The other element Ault adds is the "arc" block. The fullback or tight-end loops around the defensive end that the quarterback is reading – making it look the same as Slice – but instead of sealing him off, the blocker bypasses him to take on the first defender in the alley, typically an outside linebacker. Not only is this effective deception, it is also designed to defeat most common defensive responses to the zone read [source].

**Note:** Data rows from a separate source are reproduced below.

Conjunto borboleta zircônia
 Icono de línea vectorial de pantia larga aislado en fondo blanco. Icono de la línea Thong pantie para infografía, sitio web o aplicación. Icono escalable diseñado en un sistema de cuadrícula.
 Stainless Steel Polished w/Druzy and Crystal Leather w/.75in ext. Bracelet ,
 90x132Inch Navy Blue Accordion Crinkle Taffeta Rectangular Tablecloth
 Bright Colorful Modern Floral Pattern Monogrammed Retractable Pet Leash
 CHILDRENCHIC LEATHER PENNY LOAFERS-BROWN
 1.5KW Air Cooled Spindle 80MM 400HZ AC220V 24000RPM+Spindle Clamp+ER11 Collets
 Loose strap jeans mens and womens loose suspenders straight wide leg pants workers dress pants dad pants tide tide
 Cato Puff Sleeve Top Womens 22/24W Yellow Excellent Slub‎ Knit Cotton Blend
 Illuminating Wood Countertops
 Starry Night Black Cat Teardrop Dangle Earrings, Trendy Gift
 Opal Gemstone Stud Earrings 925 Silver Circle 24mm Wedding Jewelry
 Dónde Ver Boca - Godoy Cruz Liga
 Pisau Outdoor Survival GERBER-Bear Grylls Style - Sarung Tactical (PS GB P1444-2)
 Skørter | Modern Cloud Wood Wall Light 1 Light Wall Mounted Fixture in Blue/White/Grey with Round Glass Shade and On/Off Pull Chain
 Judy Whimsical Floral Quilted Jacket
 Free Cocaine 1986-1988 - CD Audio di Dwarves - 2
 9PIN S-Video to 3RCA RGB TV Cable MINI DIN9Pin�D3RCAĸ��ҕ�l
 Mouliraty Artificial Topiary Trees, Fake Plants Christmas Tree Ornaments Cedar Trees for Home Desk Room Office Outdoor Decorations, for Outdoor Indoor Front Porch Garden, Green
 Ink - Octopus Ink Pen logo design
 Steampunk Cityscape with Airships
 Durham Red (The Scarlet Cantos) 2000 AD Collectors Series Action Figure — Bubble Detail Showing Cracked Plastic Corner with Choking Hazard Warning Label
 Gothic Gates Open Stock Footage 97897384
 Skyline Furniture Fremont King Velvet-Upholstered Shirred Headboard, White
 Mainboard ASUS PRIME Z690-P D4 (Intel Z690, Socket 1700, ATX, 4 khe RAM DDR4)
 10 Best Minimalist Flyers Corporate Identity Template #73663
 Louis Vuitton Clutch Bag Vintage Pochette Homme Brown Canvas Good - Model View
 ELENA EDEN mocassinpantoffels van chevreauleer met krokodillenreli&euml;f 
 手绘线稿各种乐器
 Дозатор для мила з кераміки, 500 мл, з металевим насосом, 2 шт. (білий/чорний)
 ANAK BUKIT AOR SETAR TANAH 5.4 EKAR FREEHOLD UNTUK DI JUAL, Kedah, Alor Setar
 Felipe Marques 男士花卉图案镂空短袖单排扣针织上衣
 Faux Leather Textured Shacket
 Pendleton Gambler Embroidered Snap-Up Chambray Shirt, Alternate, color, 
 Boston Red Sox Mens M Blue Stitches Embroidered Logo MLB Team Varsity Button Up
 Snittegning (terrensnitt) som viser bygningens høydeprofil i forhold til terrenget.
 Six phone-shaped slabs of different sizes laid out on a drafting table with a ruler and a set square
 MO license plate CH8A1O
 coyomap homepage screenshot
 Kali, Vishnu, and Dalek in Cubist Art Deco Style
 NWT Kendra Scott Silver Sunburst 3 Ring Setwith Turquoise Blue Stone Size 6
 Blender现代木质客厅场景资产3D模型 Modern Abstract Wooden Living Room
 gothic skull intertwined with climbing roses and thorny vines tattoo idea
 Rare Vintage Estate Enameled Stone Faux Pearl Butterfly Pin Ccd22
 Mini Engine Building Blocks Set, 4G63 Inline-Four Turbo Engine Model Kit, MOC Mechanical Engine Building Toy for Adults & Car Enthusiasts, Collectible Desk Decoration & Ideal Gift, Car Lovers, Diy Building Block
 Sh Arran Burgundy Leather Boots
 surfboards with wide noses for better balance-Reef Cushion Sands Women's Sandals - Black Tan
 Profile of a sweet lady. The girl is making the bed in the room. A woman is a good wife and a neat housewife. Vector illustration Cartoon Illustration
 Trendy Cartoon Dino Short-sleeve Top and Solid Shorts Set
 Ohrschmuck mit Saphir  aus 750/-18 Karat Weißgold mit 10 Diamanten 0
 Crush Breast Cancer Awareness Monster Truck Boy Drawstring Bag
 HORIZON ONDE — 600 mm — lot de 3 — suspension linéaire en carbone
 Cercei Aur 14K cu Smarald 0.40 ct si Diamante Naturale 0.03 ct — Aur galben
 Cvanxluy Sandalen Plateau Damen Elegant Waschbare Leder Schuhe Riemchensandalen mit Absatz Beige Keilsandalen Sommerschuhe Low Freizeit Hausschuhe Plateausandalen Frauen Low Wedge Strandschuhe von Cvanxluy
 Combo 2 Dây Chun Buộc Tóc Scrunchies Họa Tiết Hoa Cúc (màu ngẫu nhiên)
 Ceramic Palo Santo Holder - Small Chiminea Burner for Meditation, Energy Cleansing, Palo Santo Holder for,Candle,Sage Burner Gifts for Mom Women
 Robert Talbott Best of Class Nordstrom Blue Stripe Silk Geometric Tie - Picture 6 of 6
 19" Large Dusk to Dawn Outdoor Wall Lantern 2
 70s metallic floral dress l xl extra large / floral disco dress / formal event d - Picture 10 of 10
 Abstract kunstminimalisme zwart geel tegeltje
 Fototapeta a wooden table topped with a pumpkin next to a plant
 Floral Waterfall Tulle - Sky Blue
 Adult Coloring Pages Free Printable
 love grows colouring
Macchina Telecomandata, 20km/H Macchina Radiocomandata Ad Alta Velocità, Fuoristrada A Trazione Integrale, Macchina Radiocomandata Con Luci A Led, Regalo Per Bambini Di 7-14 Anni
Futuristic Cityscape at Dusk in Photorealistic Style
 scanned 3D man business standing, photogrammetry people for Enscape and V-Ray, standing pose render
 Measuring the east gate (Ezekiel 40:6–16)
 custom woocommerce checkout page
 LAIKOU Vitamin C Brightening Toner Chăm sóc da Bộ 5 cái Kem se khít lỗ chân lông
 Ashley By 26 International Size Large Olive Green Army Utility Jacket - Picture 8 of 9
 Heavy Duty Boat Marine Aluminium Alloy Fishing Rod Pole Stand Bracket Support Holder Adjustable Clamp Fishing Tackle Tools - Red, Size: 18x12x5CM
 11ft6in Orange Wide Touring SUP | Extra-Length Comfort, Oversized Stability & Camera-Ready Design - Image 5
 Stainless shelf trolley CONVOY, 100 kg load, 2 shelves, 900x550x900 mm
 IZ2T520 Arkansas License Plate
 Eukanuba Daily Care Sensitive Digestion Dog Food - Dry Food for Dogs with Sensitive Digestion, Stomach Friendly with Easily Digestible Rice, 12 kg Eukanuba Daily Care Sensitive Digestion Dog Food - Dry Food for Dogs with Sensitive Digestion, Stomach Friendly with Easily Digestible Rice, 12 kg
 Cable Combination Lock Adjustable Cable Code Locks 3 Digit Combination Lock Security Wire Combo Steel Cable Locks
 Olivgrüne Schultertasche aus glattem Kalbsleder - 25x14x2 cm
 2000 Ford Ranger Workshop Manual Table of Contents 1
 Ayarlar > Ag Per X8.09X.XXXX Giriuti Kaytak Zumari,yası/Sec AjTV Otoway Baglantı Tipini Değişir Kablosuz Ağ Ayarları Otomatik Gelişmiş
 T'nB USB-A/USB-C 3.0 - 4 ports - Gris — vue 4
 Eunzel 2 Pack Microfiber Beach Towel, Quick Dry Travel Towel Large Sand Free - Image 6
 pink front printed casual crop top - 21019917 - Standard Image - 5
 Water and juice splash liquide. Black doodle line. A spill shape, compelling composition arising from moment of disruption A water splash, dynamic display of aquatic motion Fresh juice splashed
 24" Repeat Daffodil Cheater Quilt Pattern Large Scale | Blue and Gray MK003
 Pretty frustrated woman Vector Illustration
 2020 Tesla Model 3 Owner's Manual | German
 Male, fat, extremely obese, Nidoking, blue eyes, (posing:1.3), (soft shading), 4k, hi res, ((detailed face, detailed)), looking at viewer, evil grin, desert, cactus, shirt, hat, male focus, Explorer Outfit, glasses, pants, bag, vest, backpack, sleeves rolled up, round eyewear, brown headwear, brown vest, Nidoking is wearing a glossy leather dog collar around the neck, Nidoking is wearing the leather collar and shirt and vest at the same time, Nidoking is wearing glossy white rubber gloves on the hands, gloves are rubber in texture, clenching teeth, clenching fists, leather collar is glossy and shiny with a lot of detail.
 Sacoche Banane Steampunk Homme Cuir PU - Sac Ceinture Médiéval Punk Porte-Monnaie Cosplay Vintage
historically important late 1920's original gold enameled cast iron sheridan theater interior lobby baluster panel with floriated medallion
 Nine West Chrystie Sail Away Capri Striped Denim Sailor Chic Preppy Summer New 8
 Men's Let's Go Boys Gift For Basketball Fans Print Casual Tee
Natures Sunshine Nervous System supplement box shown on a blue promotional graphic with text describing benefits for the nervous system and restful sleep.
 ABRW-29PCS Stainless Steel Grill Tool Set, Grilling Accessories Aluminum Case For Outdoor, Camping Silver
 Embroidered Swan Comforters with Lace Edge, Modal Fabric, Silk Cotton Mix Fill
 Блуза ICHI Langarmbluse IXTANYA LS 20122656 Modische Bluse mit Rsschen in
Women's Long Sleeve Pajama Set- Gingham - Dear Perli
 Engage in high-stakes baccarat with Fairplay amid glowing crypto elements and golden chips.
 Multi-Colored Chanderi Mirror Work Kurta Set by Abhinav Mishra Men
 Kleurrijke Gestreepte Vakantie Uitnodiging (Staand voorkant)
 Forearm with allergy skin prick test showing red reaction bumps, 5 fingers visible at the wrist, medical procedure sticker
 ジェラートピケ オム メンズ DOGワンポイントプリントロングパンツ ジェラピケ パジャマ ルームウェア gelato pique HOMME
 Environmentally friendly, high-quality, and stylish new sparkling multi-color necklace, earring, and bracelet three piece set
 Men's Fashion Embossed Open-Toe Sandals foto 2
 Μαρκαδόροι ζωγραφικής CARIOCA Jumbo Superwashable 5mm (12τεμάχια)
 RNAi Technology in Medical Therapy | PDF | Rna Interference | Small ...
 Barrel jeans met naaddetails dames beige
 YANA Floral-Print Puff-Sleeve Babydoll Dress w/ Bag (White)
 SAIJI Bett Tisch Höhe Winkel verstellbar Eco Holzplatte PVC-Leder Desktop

Which brings me back to Gran, Hiller and what I think they are trying to build on offense here at UC. My hunch is that Gran wants to incorperate some of the schemes that have come to be thought of as College only, the inverted veer, zone read, QB zones with the more tried and true classics. The inside/outside zone, power O etc. If I can go back to the Tuberville quote at the top of the page. There are almost certainly more run block schemes under Hiller than there were under previous offensive line coach Don Mahoney. But that doesn't mean that the Bearcats will be running "four or five" times more plays than they were before. But they will almost certainly be adding a legitimate power play to the collection, a counter blocking scheme to mirror that makes sense. Maybe Gran will get crazy and add the horn play to the collection. But all of those concepts can be run out of any formation. So yeah Austen Bujnoch, Eric LeFeld, Parker Ehringer and Co might be learning some new schemes, but learning the new things isn't the issue. Taking all those different concepts and folding them into a cohesive offense will be.
Hiller is a good man for the job. His background is in zone blocking, but spending that year in Reno couldn't help but expand his horizons. That could be a faulty assumption, but if Greg Roman can pick up enough knowledge from a few days with Ault to effectively legitimize the usefulness of the Pistol to the NFL at large Hiller had to learn something?
I have no idea if what he learned will result in Brendon Kay and Co. pistol whipping the Big East all the way to a BCS bid. But it will surely manifest itself in someway. How exactly remains to be seen. But if you are Eddie Gran you don't go out of your way to hire Hiller, a coach with no ties to anyone else on his staff, unless you plan to use what he has picked up.